Kementerian Pertanian Optimis RI Dekat dengan Swasembada Pangan Beras
Bisnis
Ekonomi Makro
24 Mar 2025
79 dibaca
1 menit

Rangkuman 15 Detik
Produksi beras nasional mengalami penurunan, tetapi potensi luas panen meningkat.
Kementerian Pertanian optimis bahwa swasembada pangan dapat tercapai dalam waktu dekat.
Dukungan dari DPR dan program kerja yang terencana menjadi kunci dalam mencapai swasembada pangan.
Kementerian Pertanian Indonesia mengklaim bahwa impian Presiden Prabowo Subianto untuk mencapai swasembada pangan semakin dekat, meskipun produksi beras nasional pada tahun lalu mengalami penurunan.
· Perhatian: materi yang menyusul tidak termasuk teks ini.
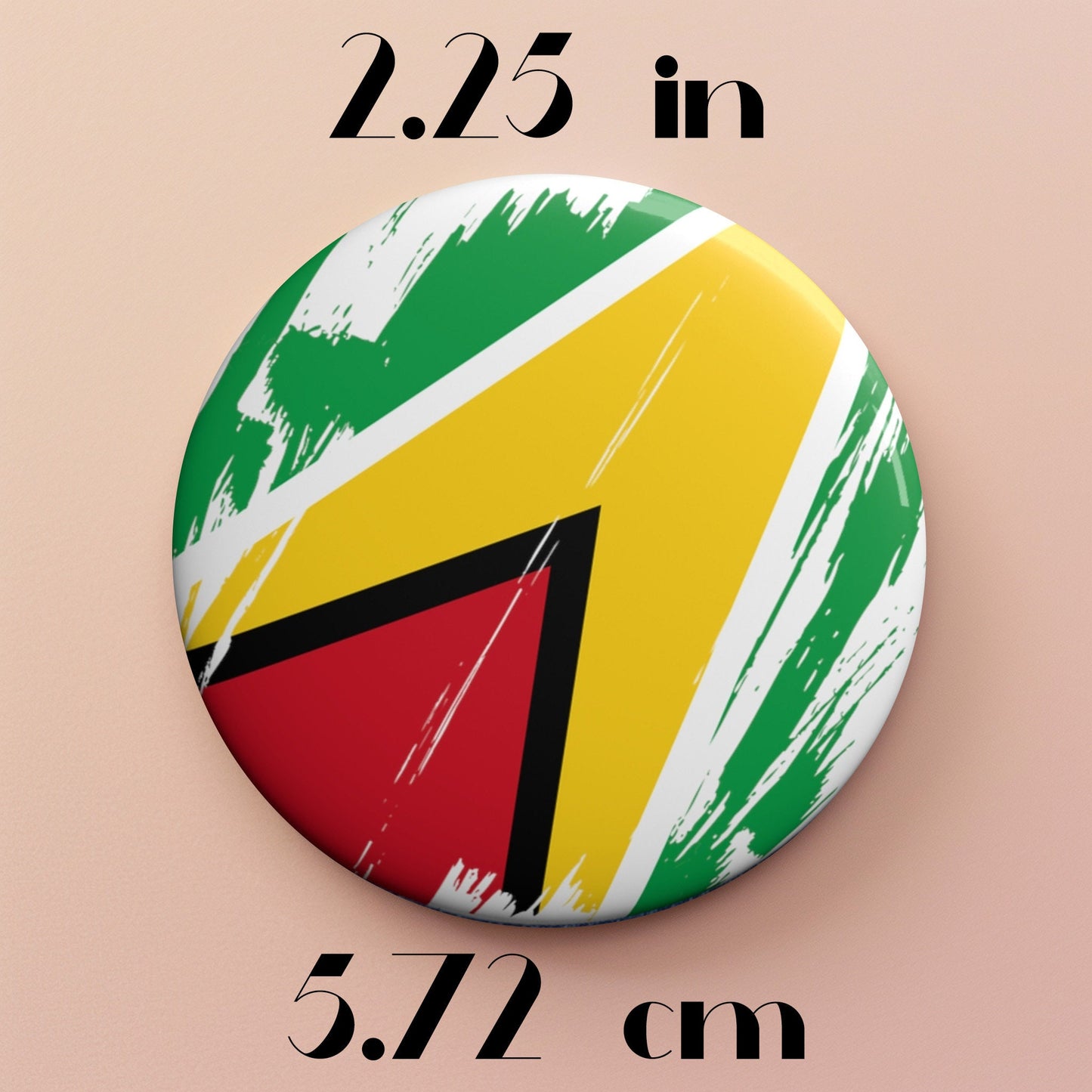 Guyana Flag Pin Button - Custom Pinback, Patriotic Campaign Buttons, Personalized Birthday Pins, Collectible Badge, Metal Pin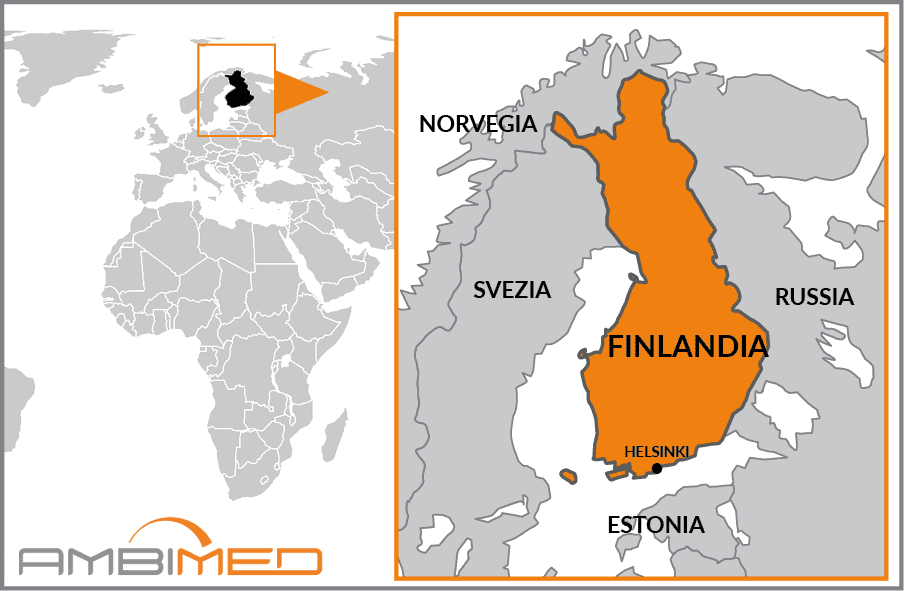 Cartina geografica della Finland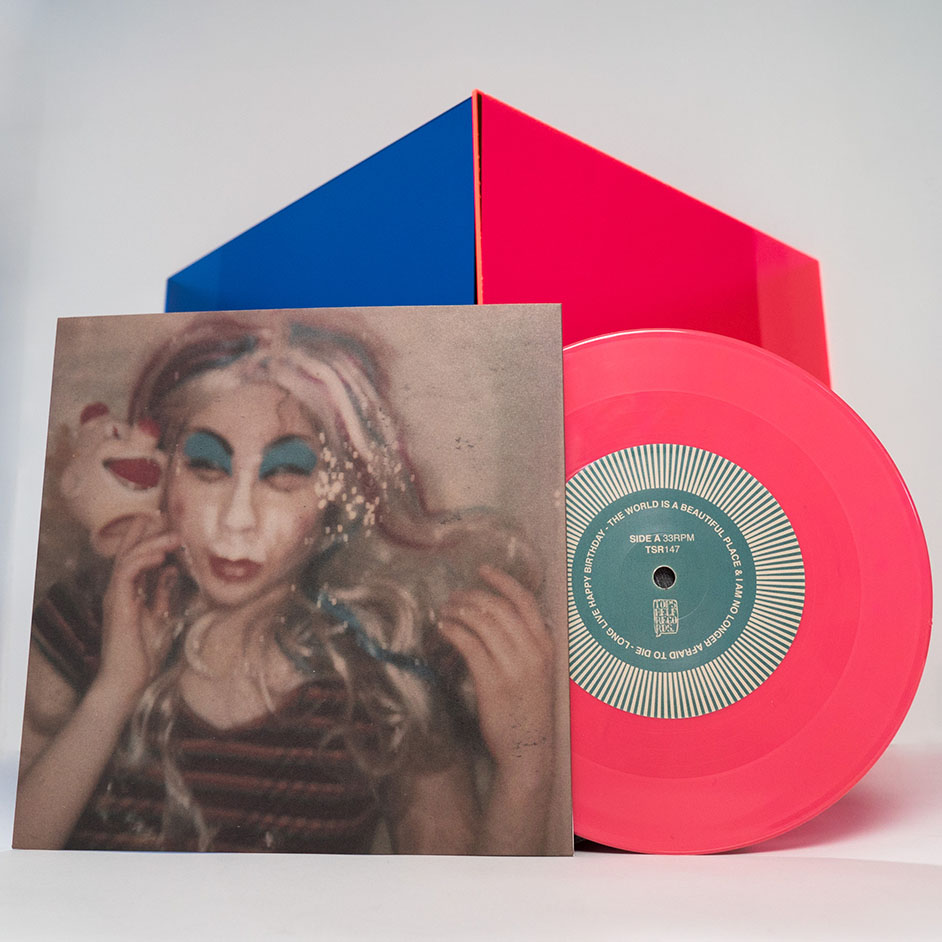 Product shots of The World Is a Beautiful Place & I Am No Longer Afraid to Die - Long Live Happy Birthday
Menurut data, produksi beras pada tahun 2024 diperkirakan mencapai 30,61 juta ton, turun dari 31,10 juta ton di tahun 2023. Namun, Sekretaris Jenderal Kementan, Ali Jamil, menyatakan bahwa luas panen sawah yang meningkat di awal tahun ini memberikan harapan untuk swasembada pangan, dengan potensi luas panen tertinggi dalam tujuh tahun terakhir.
Ali Jamil juga menjelaskan bahwa berbagai program kerja sedang dilakukan untuk mencapai swasembada pangan, seperti optimalisasi lahan dan cetak sawah. Ia optimis bahwa dengan dukungan dari DPR dan semua pihak, Indonesia bisa segera mencapai swasembada pangan. Beberapa program yang dijalankan termasuk memperluas lahan tanam dan meningkatkan produksi beras, yang diharapkan dapat memberikan hasil yang lebih baik dalam waktu dekat.
Analisis Ahli
Prof. Dr. Ir. H. Dedy Supriadi, M.Sc. (Pakarnya Tanaman Padi)
Optimalisasi lahan adalah langkah krusial, tetapi harus disertai peningkatan teknologi dan manajemen pertanian agar hasil produksi benar-benar meningkat secara signifikan.Dr. Eka Putra, Ahli Ekonomi Pangan
Swasembada pangan bukan hanya soal kuantitas produksi, tetapi juga kestabilan pasokan dan harga agar masyarakat dapat terpenuhi kebutuhan pokoknya secara merata.